=== Record extracts ===
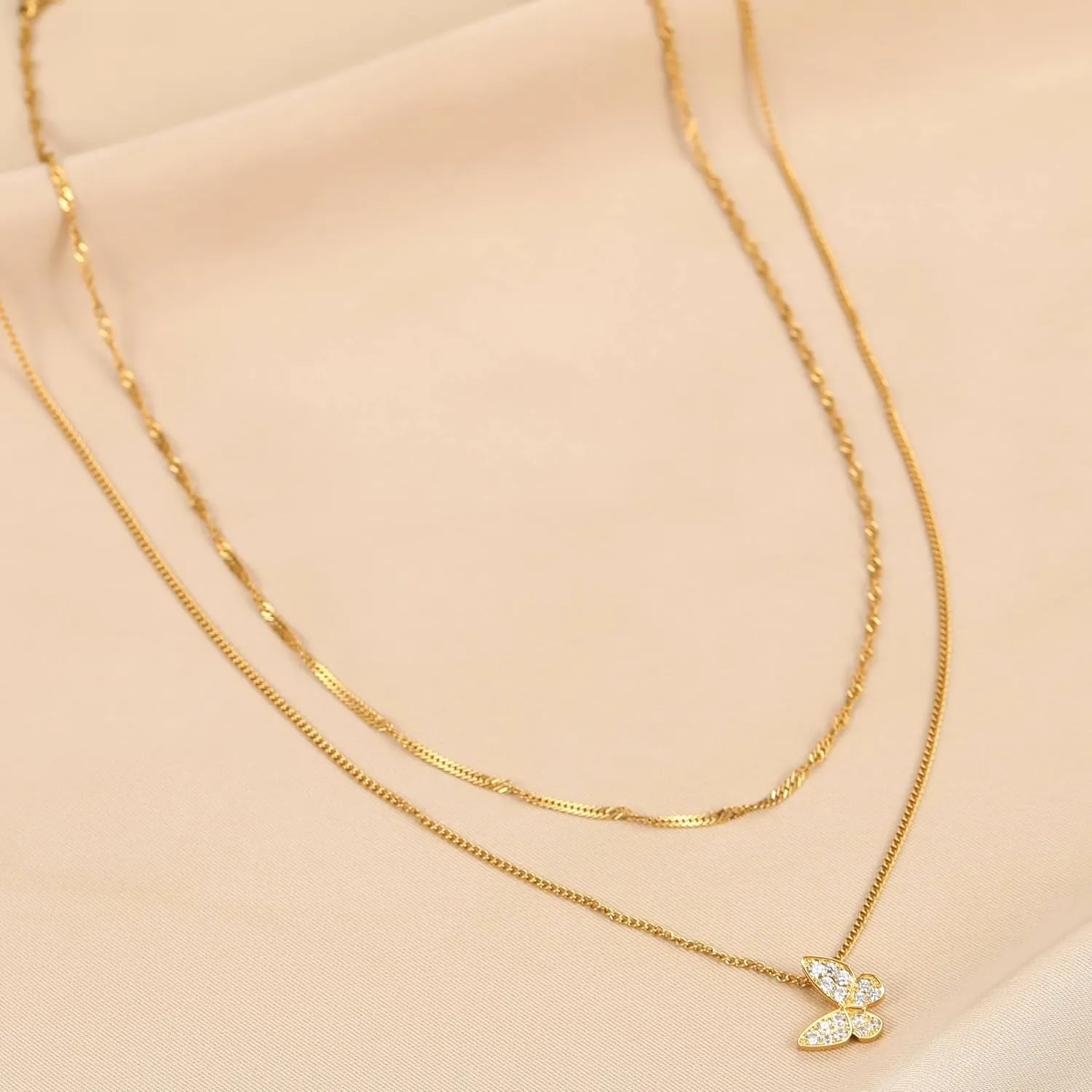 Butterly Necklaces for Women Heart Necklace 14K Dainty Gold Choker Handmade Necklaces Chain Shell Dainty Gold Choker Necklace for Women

==

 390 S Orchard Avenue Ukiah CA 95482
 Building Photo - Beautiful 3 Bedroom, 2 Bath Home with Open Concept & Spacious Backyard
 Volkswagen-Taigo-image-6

=== Required work ===
Out of the listing above, reproduce exactly the lines from the one with "390 S Orchard Avenue Ukiah CA 95482" up to and including the one with "Volkswagen-Taigo-image-6".

=== Response area ===
 390 S Orchard Avenue Ukiah CA 95482
 Building Photo - Beautiful 3 Bedroom, 2 Bath Home with Open Concept & Spacious Backyard
 Volkswagen-Taigo-image-6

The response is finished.